Retype the whole listing, please, keeping every line exact and dropping the pictures.

» Data block:
* * * * * * * * *

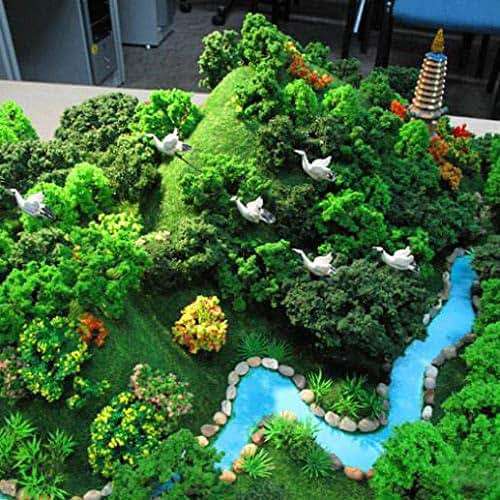 36 Pieces 1.36-6 inch Mixed Model Trees Train Scenery Architecture Tree Fake Trees for DIY Crafts, Building Model, Scenery Landscape Natural Green - Image 6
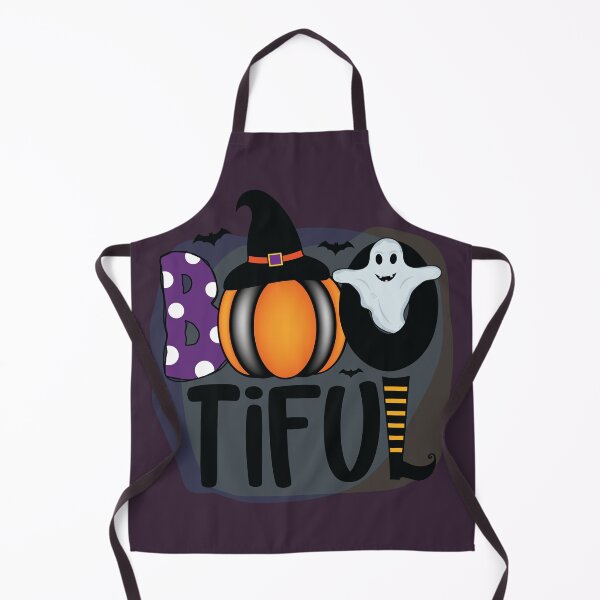 Item preview, BOOTIFUL Halloween Design – Playful Typography, Pumpkin, Ghost, Bats, Witch Hat, Witch Leg – Colorful Spooky Art designed and sold by petpuppymania.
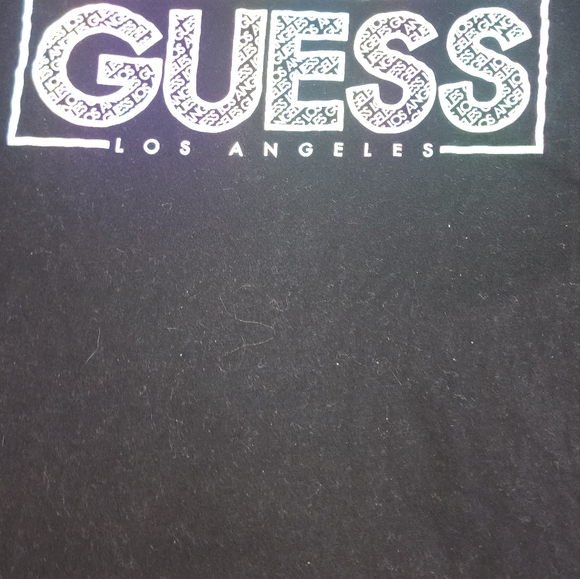 Guess Reflective Black Shirt - Picture 2 of 2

* * * * * * * * *

» Completed task:
 36 Pieces 1.36-6 inch Mixed Model Trees Train Scenery Architecture Tree Fake Trees for DIY Crafts, Building Model, Scenery Landscape Natural Green - Image 6
 Item preview, BOOTIFUL Halloween Design – Playful Typography, Pumpkin, Ghost, Bats, Witch Hat, Witch Leg – Colorful Spooky Art designed and sold by petpuppymania.
 Guess Reflective Black Shirt - Picture 2 of 2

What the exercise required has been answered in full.